Learn what to say about suicide and what not to say about suicideOther things not to say about suicide:

  • Do not go into too much detail about the suicide attempt itself
  • Do not post detailed pictures of a suicide attempt or a suicide attempt location
  • Do not glorify or romanticize suicide
  • Do not portray suicides as heroic
  • Do not say that suicide is an end to pain (people need to be alive to feel relief from pain)
  • Do not use the term “failed suicide,” instead say “suicide attempt”
  • Do not use the term “epidemic” in suicide stories, instead say that rates are “rising” or “falling”

What to Say About Suicide

I would say there are several critical things to tell people about suicide but the number one thing is to tell them how to get help.

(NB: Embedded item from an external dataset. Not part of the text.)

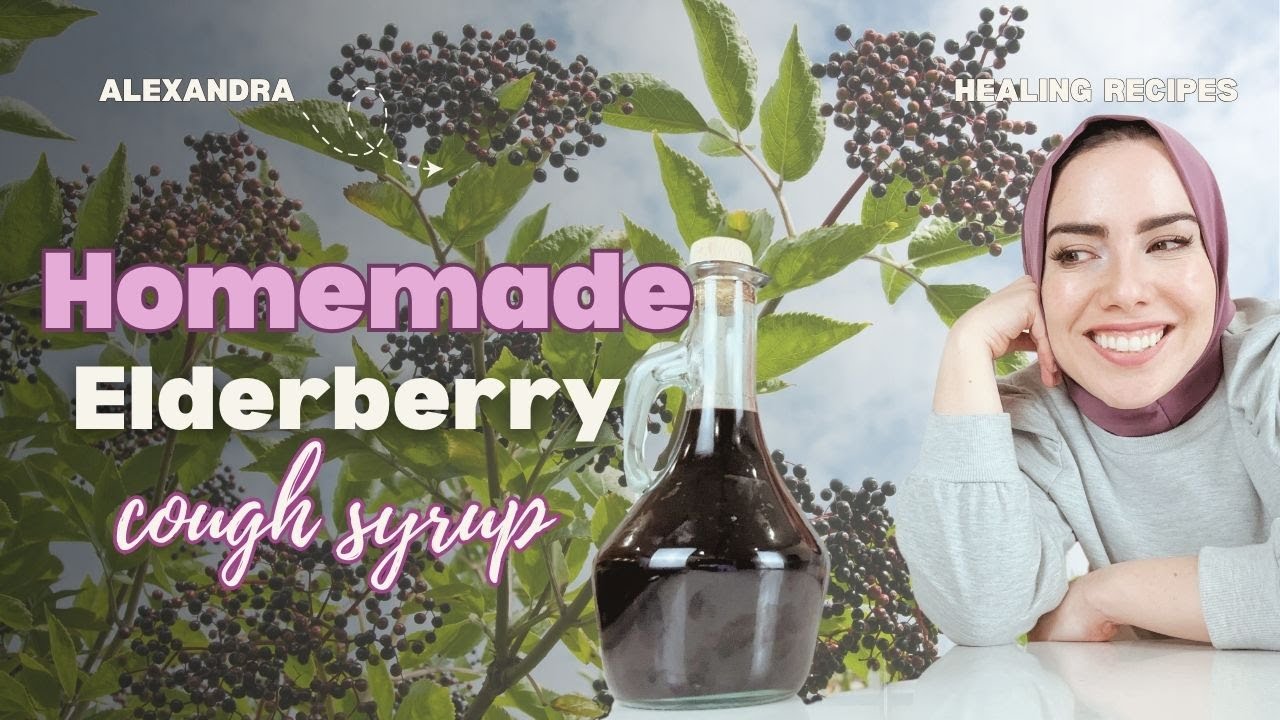 DIY Best Organic Elderberry Syrup - Super easy recipe kids will love!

It’s critical to say that feeling suicidal requires help and that the person must reach out. If you don’t know what numbers to use, go to Suicide.org for more information (or Google suicide hotline and your country).

Also say:

  • Suicide is often related to untreated depression – but depression is treatable and so are suicidal feelings
  • There is hope – suicidal feelings will pass
  • People feeling suicidal are not alone – people are there to help

What Do I Think About These Guidelines?

Now, the truth is, I think some of these things are good ideas and I think some of them are just guesses at what might help people at risk of suicide. I’m certain I’ve committed most of the sins in this article at one time or another.

Nevertheless, these guidelines put the emphasis on thinking about respectful and careful suicide reporting and preventing future suicides, and that is something we all need to consider.

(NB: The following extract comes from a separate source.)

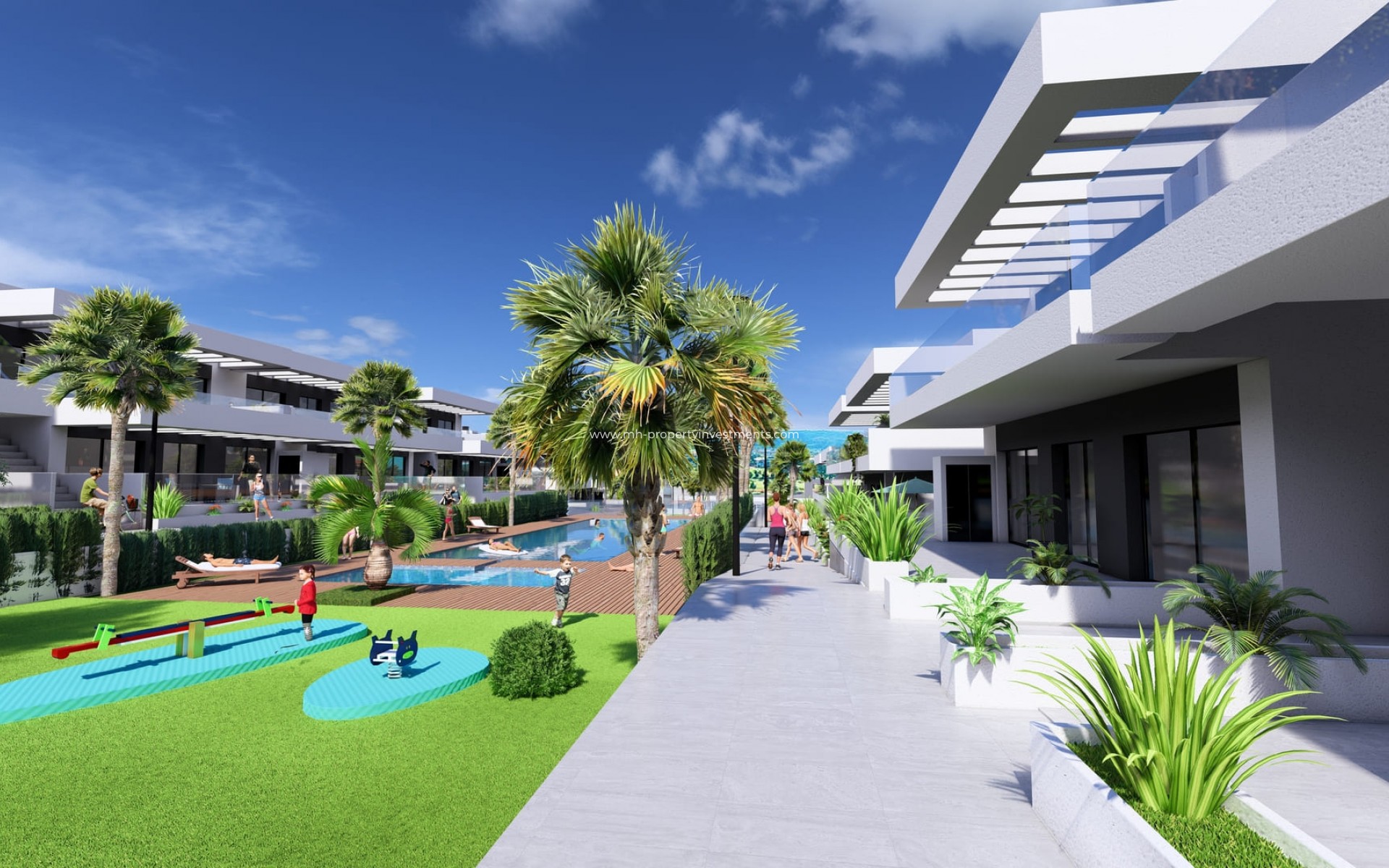 New Build - low-bungalow - Algorfa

See Suicide.org’s full list of recommendations on suicide reporting.

You can find Natasha Tracy on Facebook or GooglePlus or @Natasha_Tracy on Twitter or at the Bipolar Burble, her blog.

Author: Natasha Tracy

Natasha Tracy is a renowned speaker, award-winning advocate and author of Lost Marbles: Insights into My Life with Depression & Bipolar.

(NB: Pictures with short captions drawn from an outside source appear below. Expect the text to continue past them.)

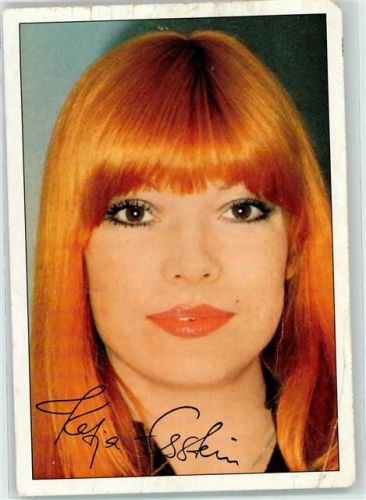 Katja Ebstein Bravo Autogrammkarte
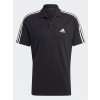 Adidas - Pique Small Logo 3-Stripes Polo Shirt 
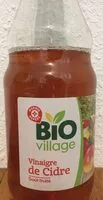 入っている砂糖の量 Vinaigre de cidre bio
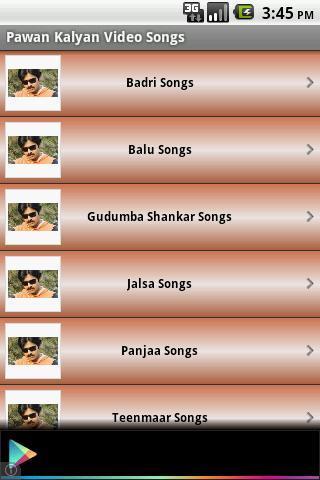 Latest Pawan Video Songs截图2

Find Natasha Tracy on her blog, Bipolar Burble, Twitter, Google+ and Facebook.

16 thoughts on “How to Talk About Suicide the Right Way”

  1. Plz help. Im so lost and worried. This is my 22yr old daughter’s 2nd attempt in trying to commit suicide. 🙁 what do i do i feel like im up against the wall and i cant breathe…

  2. Robin I would like to say that from my experience as being a survivor of suicide loss as well as having attempted many times myself and being a mental health caregiver as hard as it may be sometimes we have to let go and I don’t mean that as a bad thing or negative thing. Reality is we all make our own choices and if we don’t fully care for ourselves and care for ourselves first then we aren’t going to be helpful to anyone not even those we love and care about. However the main thing I have learned is to sit down shut up and just listen. Remember while you are listening realize you don’t want to be thinking of solutions for the person. You are listening for any signs of hope which may simply be how much they love their animal companion etc. Then go from their and if you get stuck their is no shame in asking a friend or professional for help.

  3. I know with the my suicide attempts (and yes that is plural), I would hate when someone would say I failed. I would just one more thing I couldn’t do. I couldn’t even die. Or when they would say, you wouldn’t have failed if you really wanted to die. (yes, I have had people actually say that to me) I like the term ‘suicide attempt’, I don’t feel ashamed of something I could make happen. And by the way, I’m really glad I lived to tell about it. So can you!

  4. As a suicidal person who doesn’t have a plan, I just just don’t know what to do or help my 18-year-old niece who has made 3 attempts in the past 3 months! She hoards her meds and then takes them all at once. Her older sister, who made several attempts when she was about that age, was managing her sister’s meds only to have D do the hoarding twice in the past month. She is hysterical. My sister is finally stepping in and taking over. My sister made several attempts plus had severe anorexia. Four of us have been hospitalized now. How do suicidal people help other suicidal people when we’re pretty damaged ourselves?

  5. I am feeling very depressed and contemplated with suicide. I have tried to get help an my doctor has increased my medication.